彼女を呼んだのは美術大学からほど近い、廃業になったボウリング場。こうやって広くて何もなく、そして誰もいないところというのは都合がいい。入り口のすべてにシャッターが降りて鍵が掛かってどこからも入れないようになっているが、誰かが壁を改造して隠し扉を作った。誰が作ったんだろうな、そんな便利なもの。
「茨戸さん、犯人がつかまったって」
「ああ、つかまえたよ。今仲間が連れてきてる」
「そうですか。それで、どんな人だったんですか?」
「女だったよ。女の子のパンツを撮っていたのは女だった」
「えっ」
「吉野さんだったよな。占いの館に行ったとき、机の下に大きな磁石のような重たい感じのものが入っている気がすると言ったの、覚えているか?」
「えっ、あ、はい」
「実はあれはサーバーだ。奴らは占いという名目で客と会って、占いと見せかけて金の取引をしていたんだよ。あのサーバーはあの場所でしか接続・通信ができず、インターネットみたいな回線からでは通信ができない。多少人手を使うけど動かせるから臨機応変に逃げられる。アナログサーバーを使うのは、インターネットを使って簡単に送金するとすぐにバレるから。今の警察だって歩いて証拠を見つけるだけのアナログ人間じゃない。サイバーセキュリティ専門の警察官はたくさんいる。彼らのほうがヘタクソなハッカーとかネットの住人を自称するバカより遥かにプロだ。ヤクザや犯罪組織による怪しげな連絡や通信がないか日夜監視している。取引に特殊な通信を使って警察の目から逃れようとすればするほど簡単に見つかってしまうものなのさ。だから自分たちで簡単な通信システムみたいなやつを作ったんだろう。そしてそこには金のデータだけでなく、盗撮した画像、動画の元データもある。それを複製コピーしてネットで売り捌いたんだ。アナログサーバーっていうのはさ、ほら、昔あっただろゲームのワイヤレス通信。あれはインターネットを使ったものじゃなくてゲーム機同士の交換だ。それに近い」
「じゃあ、データは、売上金は」
「ほとんどがあの占いの館が保管していると思う。現金じゃなくてデータで。ビットコインとかの仮想通貨じゃなくて、データ。現金にできるやつ。銀行の通帳に記載されている数字を自分で持っているみたいなものが出回ってよく使われていると昔詳しいやつから聞いた。でもそのデータがあれば銀行からすぐに引き出せる。地下銀行だけど」
「データ? サーバーごと盗むとか?」
「まさか。バカみたいに重たいやつを大人数かけて運び出しても、それこそ気づかれてデータを全部消されて移動しておしまいだ。自分たちを狙っている事を知り、警戒を強めてしまうだろう」
「メンバーにサイバー担当とかがいて、盗むとか?」
「もちろんメンバーに詳しいやつはたくさんいるさ。成哉の優秀な部下たちだからな。俊足ハンターから爆弾処理班まで勢揃い。でも今回はサイバーくんの出番はなし。データの世界に金があるからって真っ向からゼロとイチで作られた世界で勝負する必要はない。昔ながらのやり方でやる。アジトを攻めるんだ」
「いや、でも敵のアジトなんて……」
「いや、もう攻めた。実はな、有力な証言者を見つけたんだ。ちょっと待てな。……ああ、いいよ、連れてきて」
すぐに裏側から人が現れた。それは手を後ろで縛られた女子高校生で、大柄な男に後ろから突かれるように歩いてきた。そしてそれは近くで見るまでもなく、一番最初に俺の隣にいるガールズと一緒にパンツ盗撮被害を訴えてきたあの子だった。

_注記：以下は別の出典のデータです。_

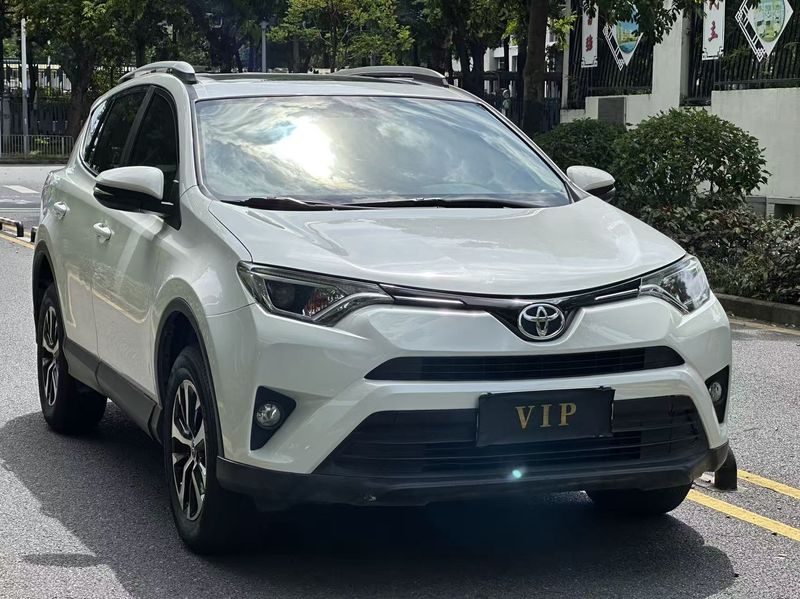 RAV4 photo 3
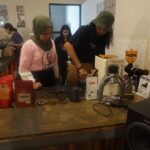Para milenial senang mengikuti pelatihan barista yang digelar oleh Srikandi Ganjar Jabodetabek bekerja sama dengan Cafe Poetra Bangsa di Cibinong Baru, Kabupaten Bogor, Jawa Barat pada Kamis (23/3). Foto: Srikandi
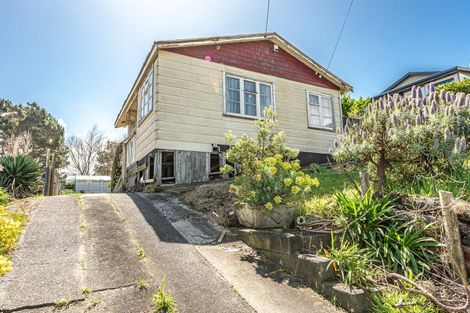Photo of property in 25 Manuka Street, Castlecliff, Whanganui, 4501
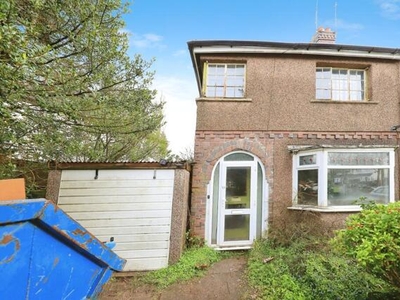 3 Bedroom Semi-detached House For Sale In Wolverhampton, West Midlands
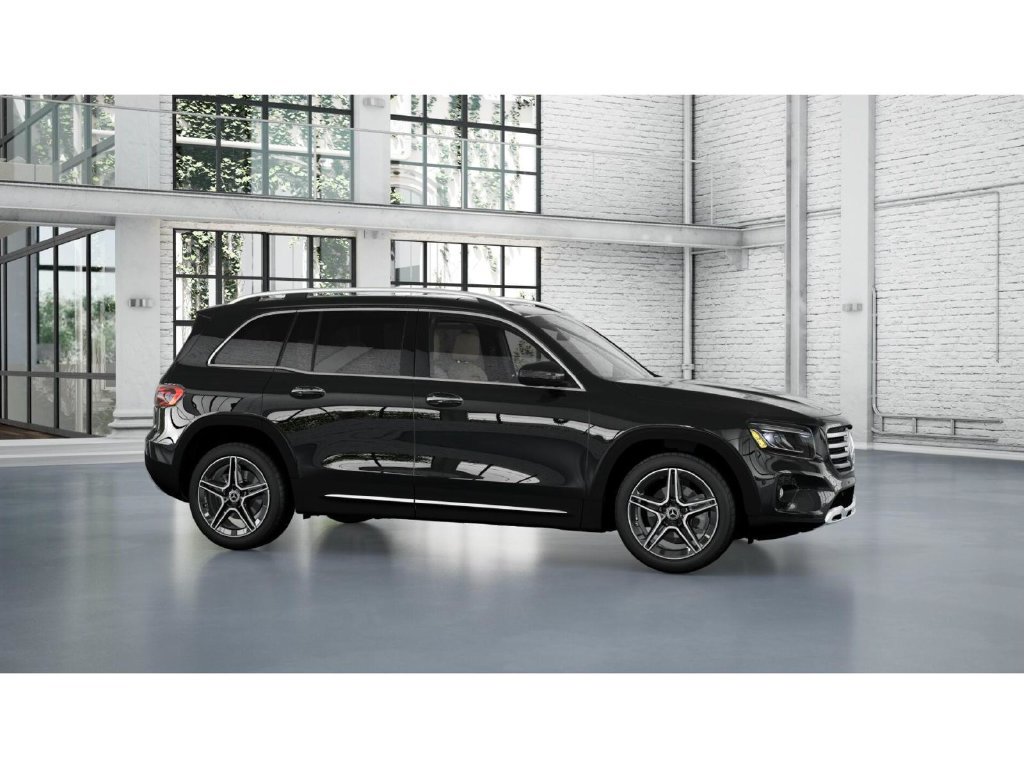 Used 2026 Mercedes-Benz GLB 250 4MATIC image 14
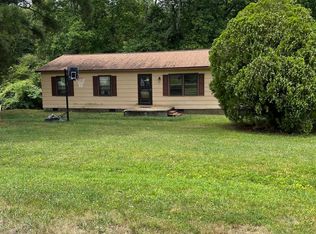 36 Stratford Dr, Colonial Beach, VA 22443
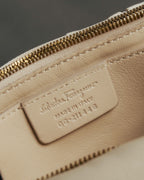 -SPECIAL- “Salvatore Ferragamo” 2020-2022 Woven vara chain shoulder bag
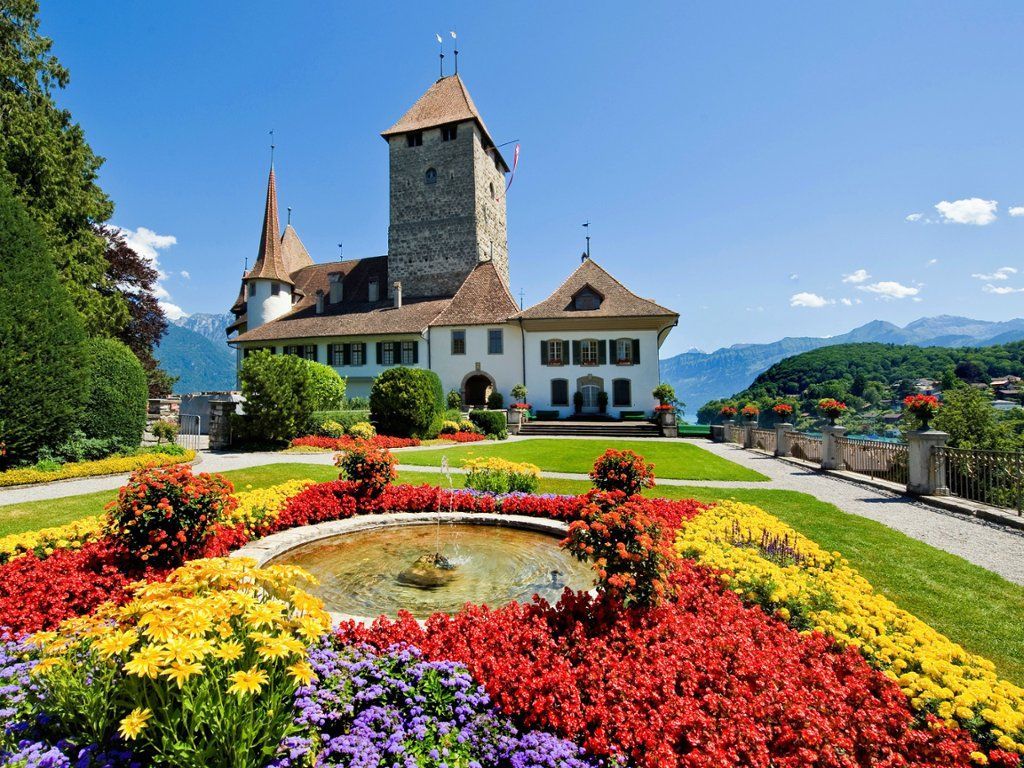 Spiez Castle, Bern, Switzerland. Spiez, City wallpaper, Castle garden
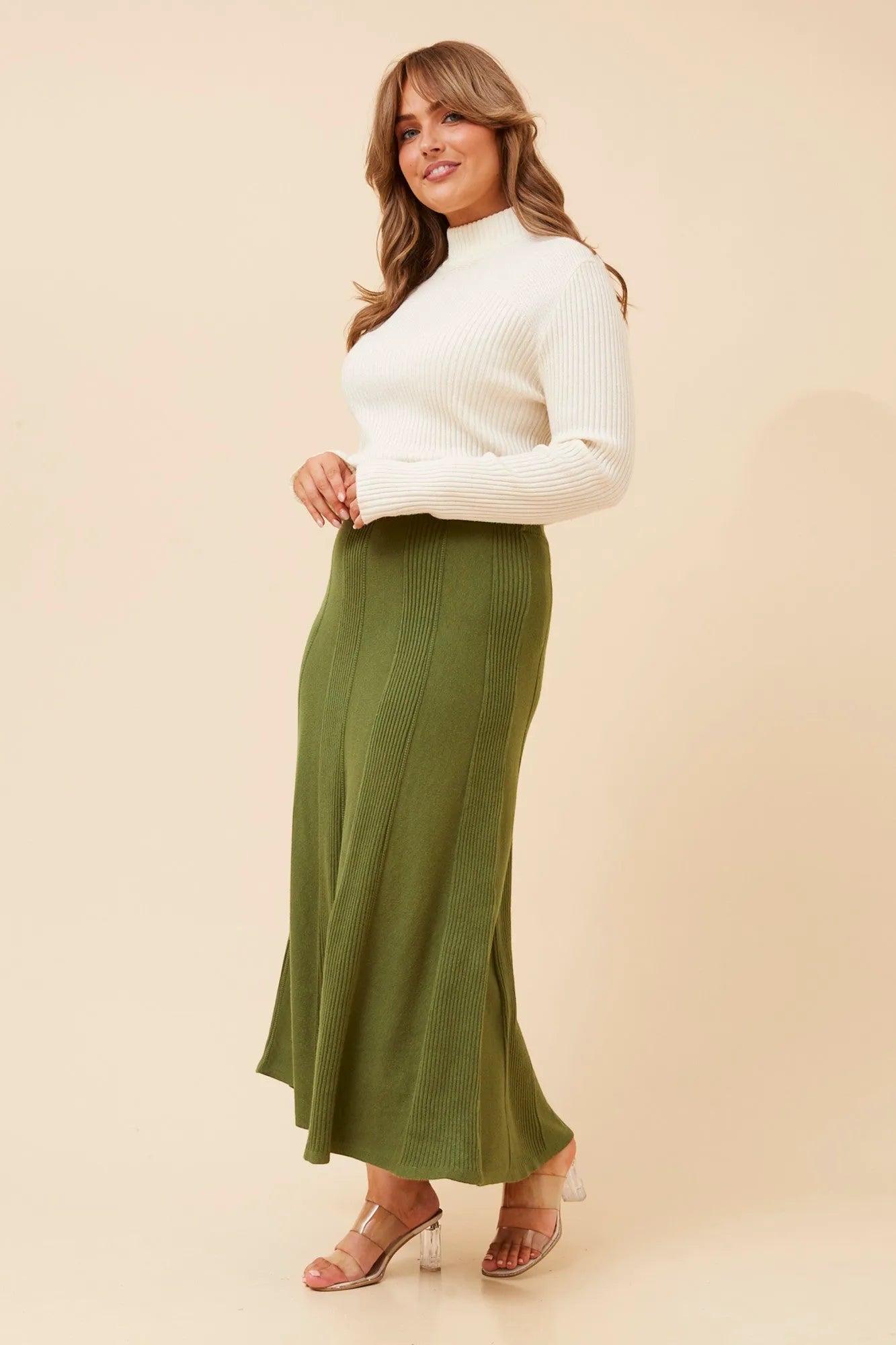 KHAKI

俺は様子をみてみたが、意識はしっかりとしているし、顔とか見えるところに傷もつけてない。なんとも優しい世界になったものだ。今の時代らしいねぇ〜。ちょっと前なら男女差別のない平等な世界だったから容赦されなかったのに。
「雪……! どうして、ここに。えっ、えっ」
「結論から話す。彼女は盗撮占い師の一味の幹部だ。悪の組織の上の方にいる責任者。盗撮部門に関してはすべて取り仕切っているそうだ。さっき洗いざらい話したから間違いないぜ」
それから待ってましたと言わんばかりにその後ろからぞろぞろと黒い服の男たちがたくさん現れた。何人かの男が顔と腕を腫らして気絶して引きずられているが、気のせいかもしれない。どっちでもいいか。
「この人たちは、リバーサイドの人たちじゃあ、ない……」
「そう。見ての通りヤクザだ。リバーサイドのみんなには敵のアジト本部を攻撃してもらっている」
すると、ボーリング場のスコアを表示するモニターの一つに電源が入り、映像が映った。
「もしもし、こちら突撃部隊。制圧完了しました」
「了解、お疲れ様。金の押収が終わったら集合場所に成哉がいるから。報告して」
「はい、創さん。失礼します」
モニターの電源が切れて、また真っ黒になった。
「そういうことだから。盗撮グループは潰した。ヤクザの金に手を出していた低級犯罪組織だったから知り合いに頼んで恐い人にもけじめをつけてもらった。成哉のグループのいくつかの店にも手を出していたから怒った王様が精鋭部隊総動員で敵のアジトを潰して金をすべて巻き上げた。電子の金もすぐに現金にして使うってさ。またラーメン屋でも出すんじゃないかな。さて、それじゃあ盗撮好きのお嬢さん。言い訳タイムだ。選べよ。これまでの物語を脚色して俺が代わりに話すか、自分の口で事実を言うか。どちらにしても一番の被害者はここにいる美術大学のお姉さんなんだぜ?」
彼女は怯えることも使い果たし、泣くことも忘れてしまったその小さな体に、諦めだけを手に入れたその震える青い唇を震わせた。「ごめんなさい」から始めて。